When Mum first started cooking for her family late in the 1940s our basic family evening meal was meat and three veg. The meat, mostly lamb and beef, was not too expensive and usually bought from Mum’s brother who was a butcher. Vegetables were plentiful and most homes had a vegetable patch, my father grew tomatoes and beans and other assorted vegies. We had a passionfruit vine on the back fence and a couple of fruit trees. Dad was a keen fisherman and fish appeared on the table usually once a week. Chicken and pork were luxury items and were only served at Christmas. The chicken having been bought live to be killed by my Father, with Mum havinf the task of plucking and preparing it for roasting. Celebration and entertaining dishes were more elaborate, but still in the English style.
Over the years we saw many changes in our family meals and they reflected the changes that were happening throughout Australia.

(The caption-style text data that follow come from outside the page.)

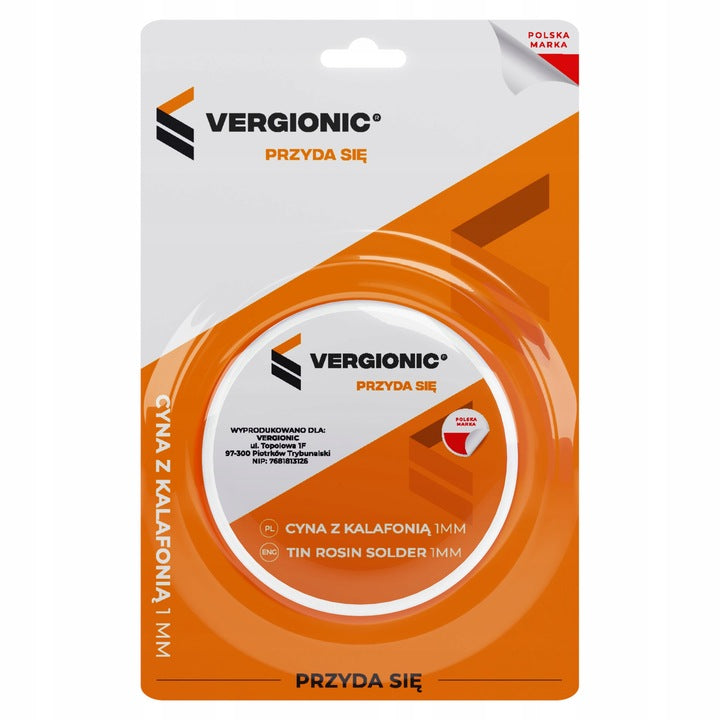 Cyna do Lutowania 100g z Kalafonią 1mm w rolce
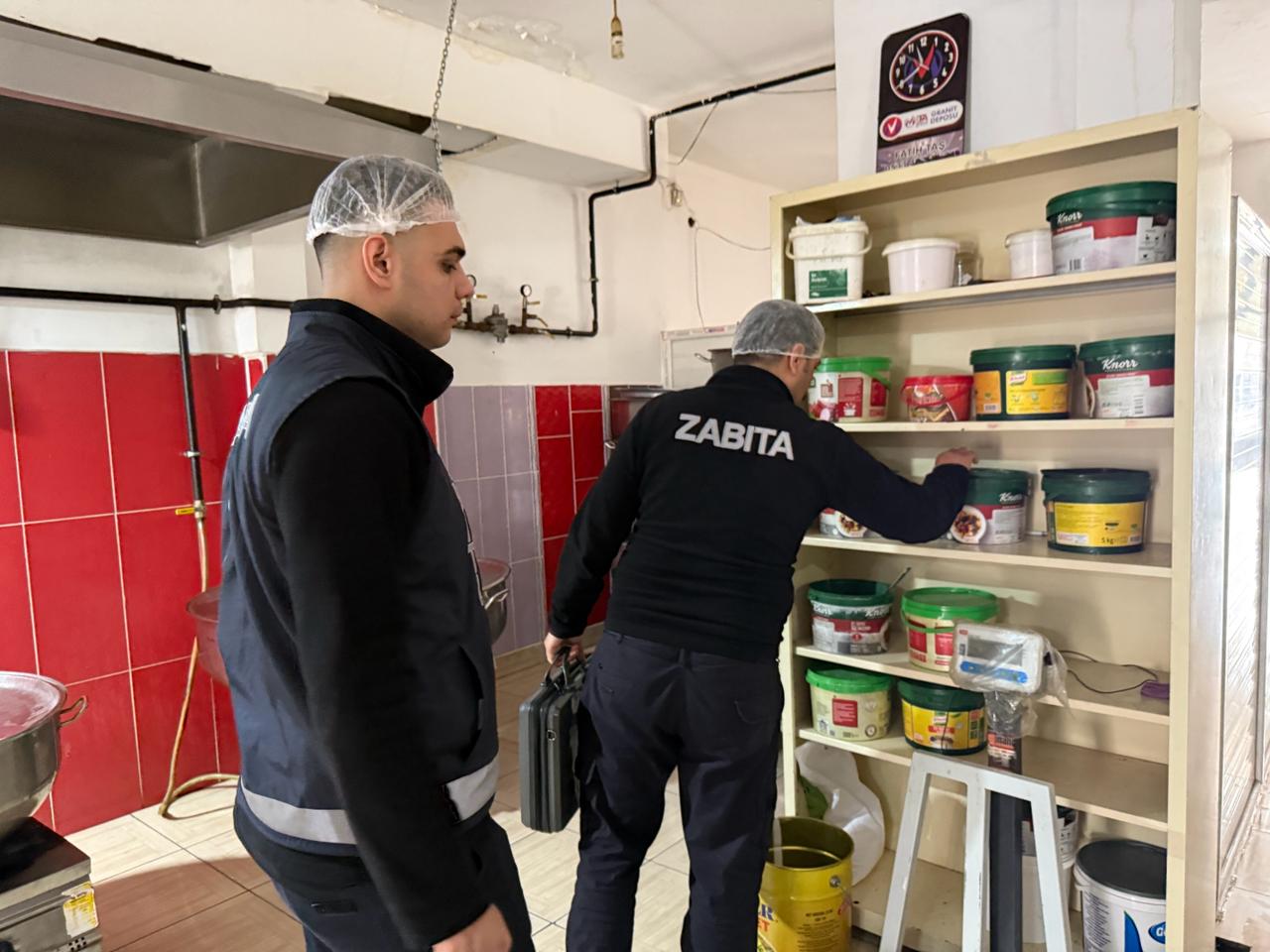 Zabıta’dan Gıda Tesislerine denetim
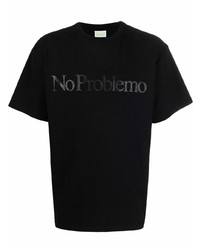 Aries No Problemo Slogan T Shirt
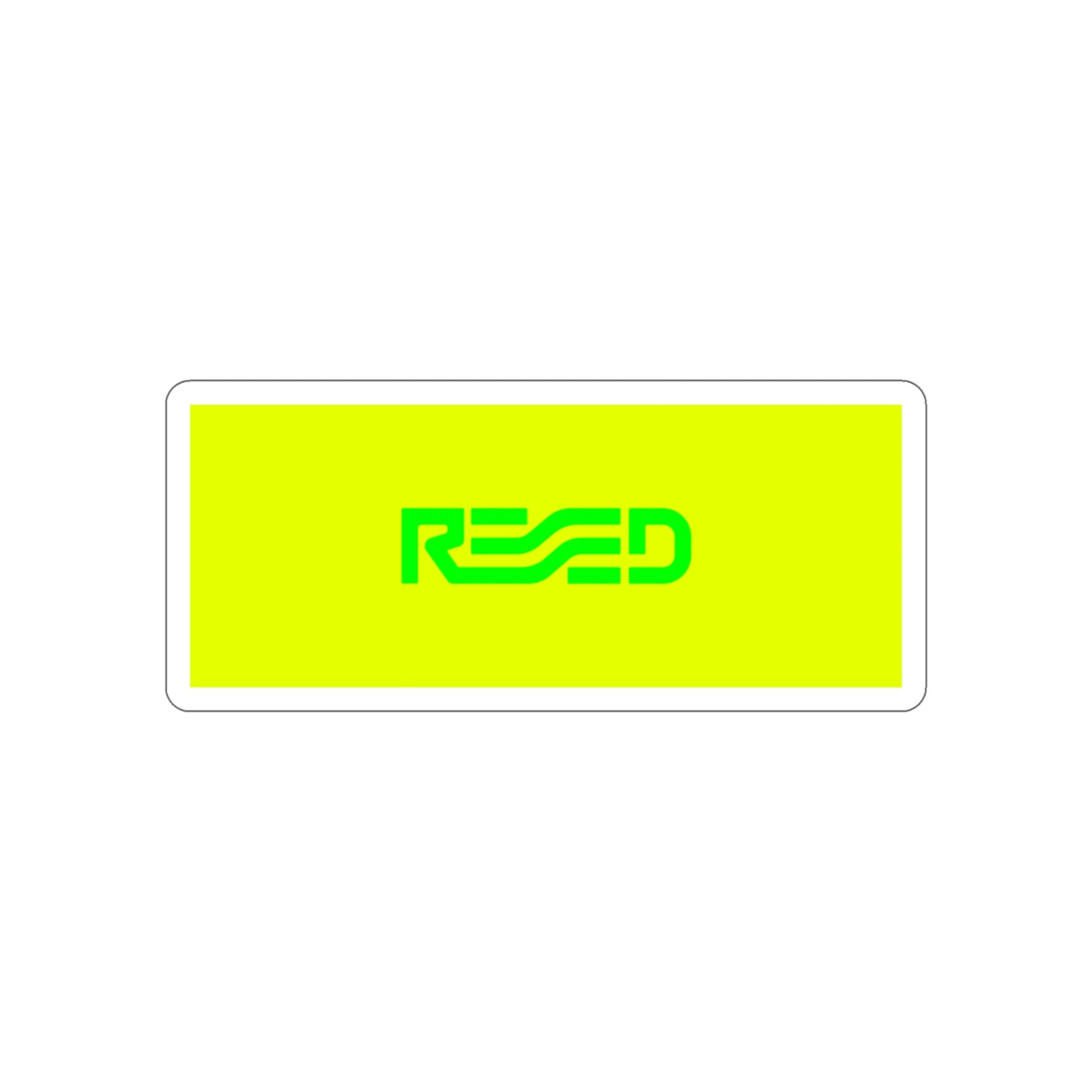 REED LOGO YELLOW/GREEN STICKER - Never Stop Chasing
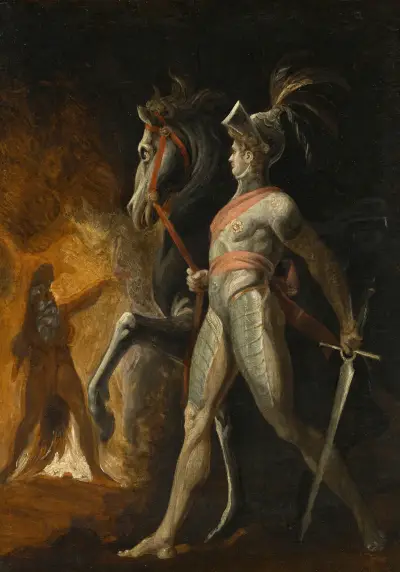 The Meeting Of Sir Hüon Of Bordeaux And Scherasmin In The Libanon Cave, From Wieland’s Oberon av Henry Fuseli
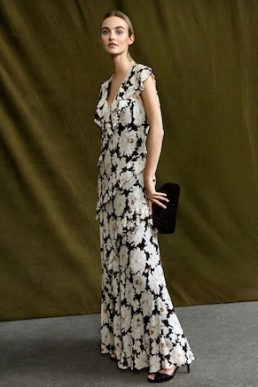 Phase Eight Eva Floral Maxi Dress Black White Multi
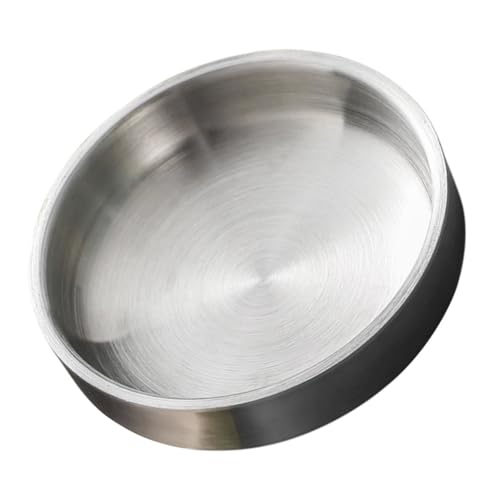 KICHOUSE Pickle Dish Condiment Dish Korean Kimchi Soy Sauce Dish Soy Dishes Mustard Bowl Steel Dipping Plate Condiment Sauce Cups Ramen Bowl Sauce Dipping Sushi Sauce Silver Stainless Steel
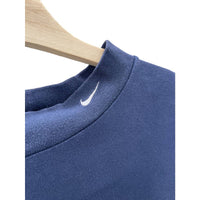 Vintage 2000's Nike Swoosh Navy Mockneck Longsleeve T-Shirt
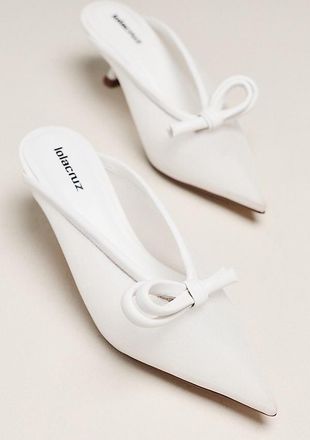Lola Cruz Bow Mule Heels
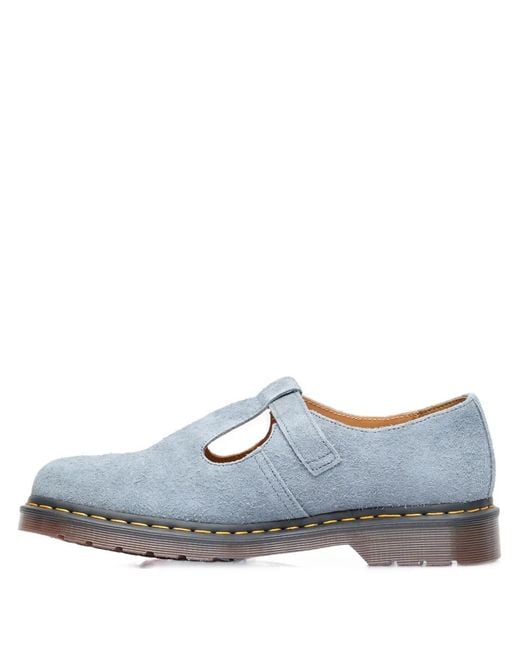 Dr. Martens Blue T-Bar Loafers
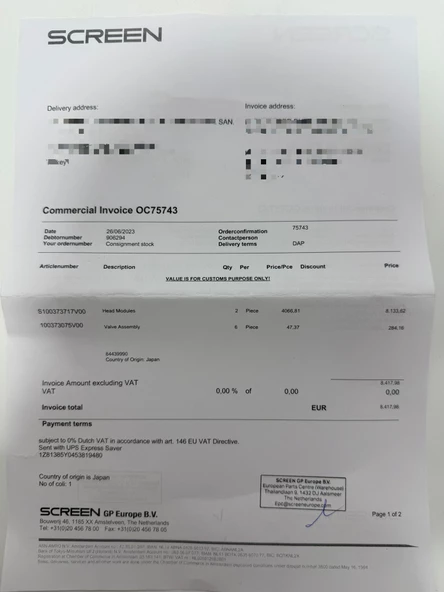 Screen Truepress Jet 520 Nx Baskı Kafası S100373717V00 - 7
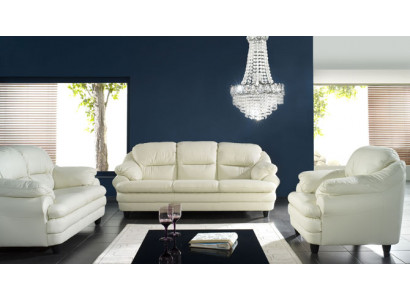 Sofagarnitur 3+1+1 Sitzer Set Design Sofas Polster Relax Couchen Leder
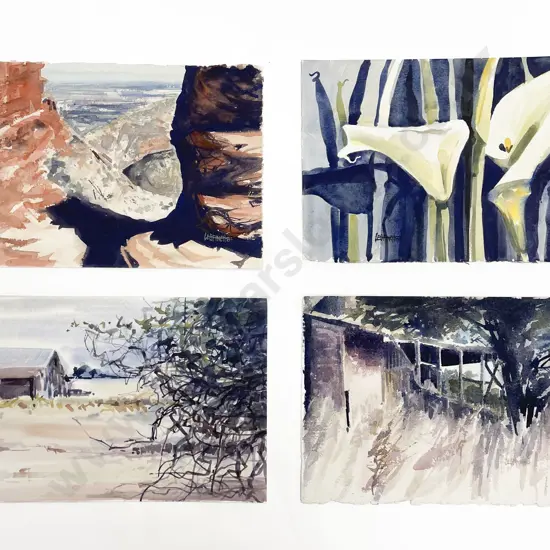 Les Finch (1940 - 2020) -  Four Watercolours (Unframed)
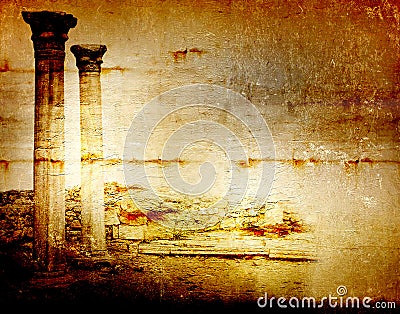 Abstract scratch ancient background Stock Photo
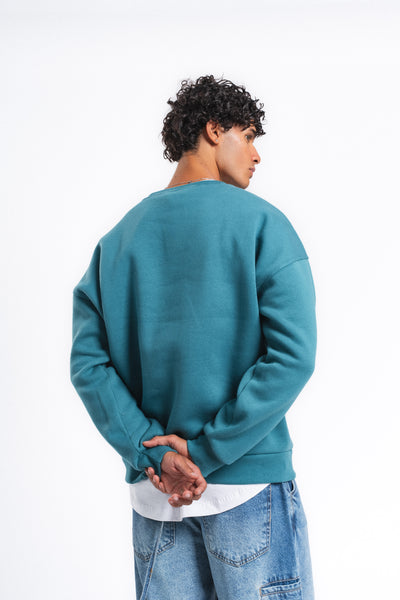 Couture Kabartma Logolu Sweatshirt Petrol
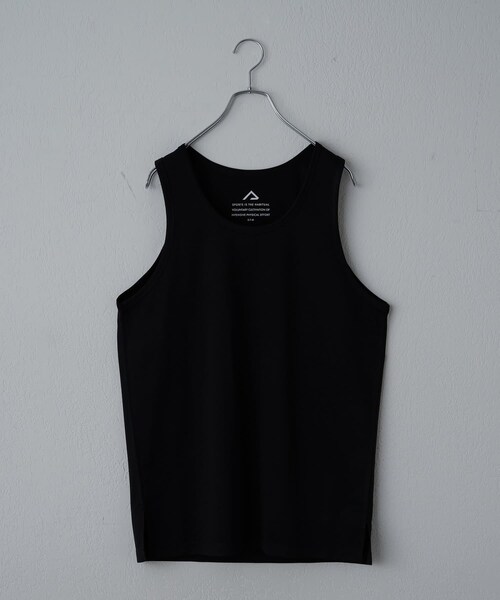 COLONY 2139(コロニートゥーワンスリーナイン)の「【G.Y.M】スポーティーポンチロングタンク(タンクトップ・メンズ・ホワイト/ブラック・M/L)」の2枚目の写真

In the 1940s England was still the ‘mother country’, even though the great majority of Australians had never been there. We studied its history, we bought its books and magazines, the influence was widespread and so it was only natural that our cuisine was mostly English, but over the years this gradually changed.
The English cuisine arrived with the First Settlement of convicts and soldiers in 1788, Free Settlers followed, mainly from the UK and Ireland and they were followed by government immigration schemes, the Gold Rush, refugees fleeing war torn Europe, post war immigration from Europe and the Mediterranean countries and assisted immigration from the UK and Ireland and more recently Asian, Indian and African immigrants, all bringing the tastes and flavours of their countries with them. This has given Australia a unique and wonderful style all of its own – a style that keeps evolving.
Over the years Chinese, Italian, Greek, Lebanese, Turkish, Vietnamese and Thai restaurants, to name a few, opened in the city and the suburbs, but more importantly delicatessens and shops stocking their ingredients also appeared and our food habits changed forever. Food that had once appeared exotic or foreign to the average Australian started to become commonplace. Today, Australia is a multicultural society and our food reflects this.
The early changes that appeared in my Mother’s kitchen were Chinese Fried rice, Italian Spaghetti Bolognese, the European delights of Beef Bourguignon and Cheesecake , American Hamburgers and instant coffee replacing coffee essence.
Looking through the recipes from Beb’s Recipe Drawer you can see the changes and how many of the recipes are the basis for today’s cooking. Perhaps the old saying “Everything old is new again” isn’t too far wrong after all. What do you think?